(Short text fragments from websites)

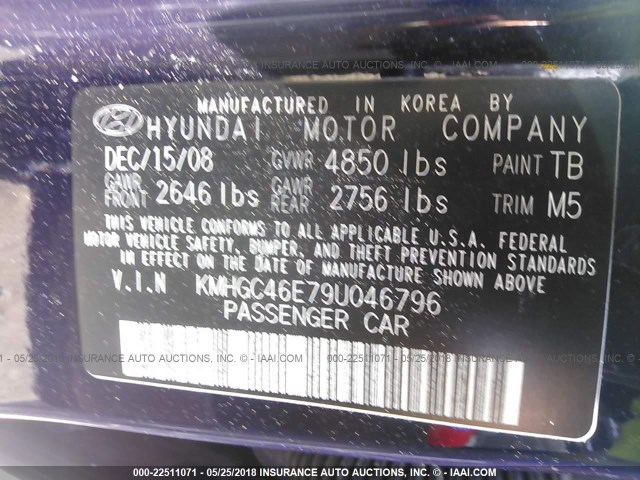 KMHGC46E79U046796 - 2009 HYUNDAI GENESIS 3.8L BLUE photo 9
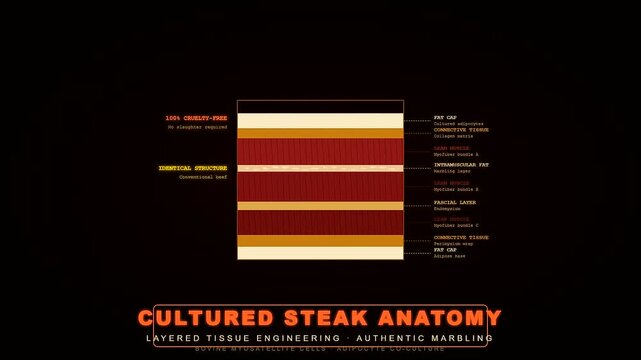 In this sophisticated animation, lab grown meat layers slowly slide into place while technical data overlays describe the futuristic process of sustainable protein manufacturing.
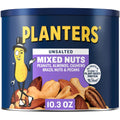 PLANTERS Lightly Salted Mixed Nuts, Plant Based Protein, 10.3 Oz (1 Ct) | Mixed Nuts: Almonds, Cashews, Peanuts, Pecans, Brazil Nuts. Snacks for Adults. Resealable Canister. Party Snack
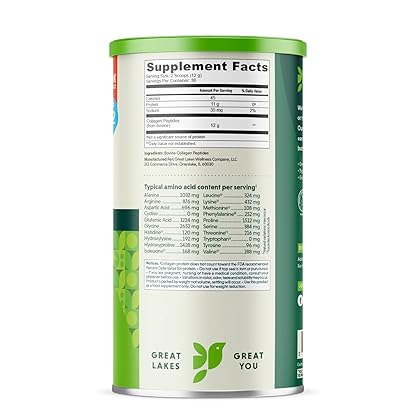 Great Lakes Collagen Peptides Powder Supplement for Skin Hair Nail Joints - Unflavored - Quick Dissolve Hydrolyzed, Non-GMO, Keto, Paleo, Gluten-Free, No Preservatives - 16 oz Canister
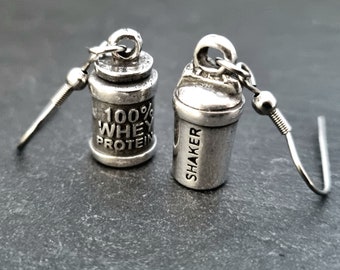 Gym Earrings 100% Whey Protein Shaker · Bodybuilding Earrings · Bff Gifts · Girlfriend Gift · Mom Gift · Coach Gift · Wife Gift · Wod & Fit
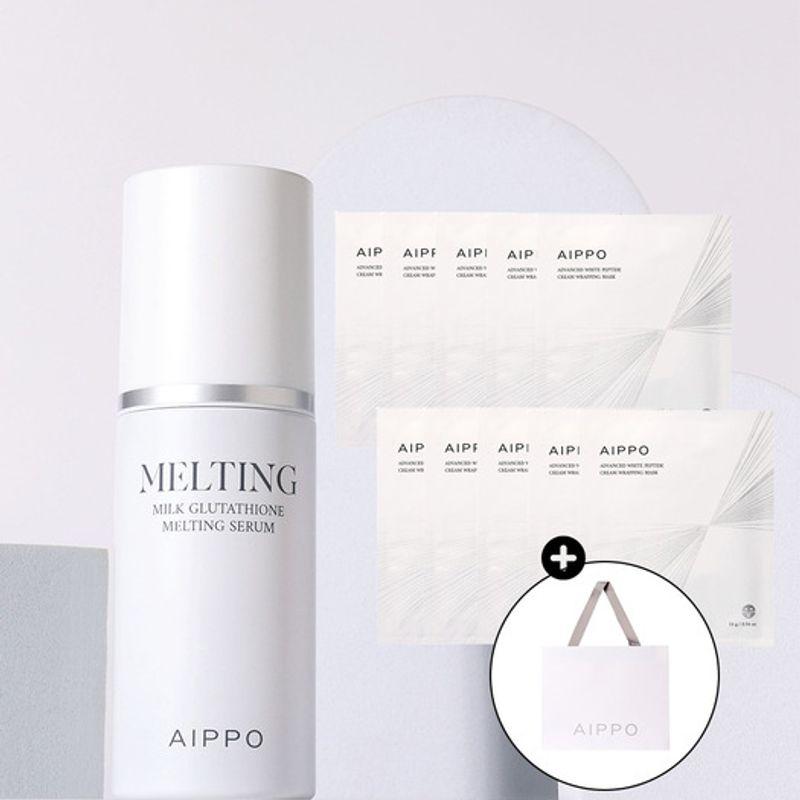 AIPPO [1+1] Milk Glutathione Melting Serum 30ml + Advanced White Peptide Cream Wrapping Mask 10 Sheets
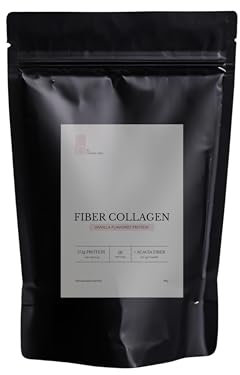 Fiber Collagen Pulver [400g] - Vanille Protein mit Akazienfaser für einen gesunden Darm - Collagen Typ I und III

> [What you have to do] An exact copy of all the lines above is required, with the pictures removed.

> [Result]
 KMHGC46E79U046796 - 2009 HYUNDAI GENESIS 3.8L BLUE photo 9
 In this sophisticated animation, lab grown meat layers slowly slide into place while technical data overlays describe the futuristic process of sustainable protein manufacturing.
 PLANTERS Lightly Salted Mixed Nuts, Plant Based Protein, 10.3 Oz (1 Ct) | Mixed Nuts: Almonds, Cashews, Peanuts, Pecans, Brazil Nuts. Snacks for Adults. Resealable Canister. Party Snack
 Great Lakes Collagen Peptides Powder Supplement for Skin Hair Nail Joints - Unflavored - Quick Dissolve Hydrolyzed, Non-GMO, Keto, Paleo, Gluten-Free, No Preservatives - 16 oz Canister
 Gym Earrings 100% Whey Protein Shaker · Bodybuilding Earrings · Bff Gifts · Girlfriend Gift · Mom Gift · Coach Gift · Wife Gift · Wod & Fit
 AIPPO [1+1] Milk Glutathione Melting Serum 30ml + Advanced White Peptide Cream Wrapping Mask 10 Sheets
 Fiber Collagen Pulver [400g] - Vanille Protein mit Akazienfaser für einen gesunden Darm - Collagen Typ I und III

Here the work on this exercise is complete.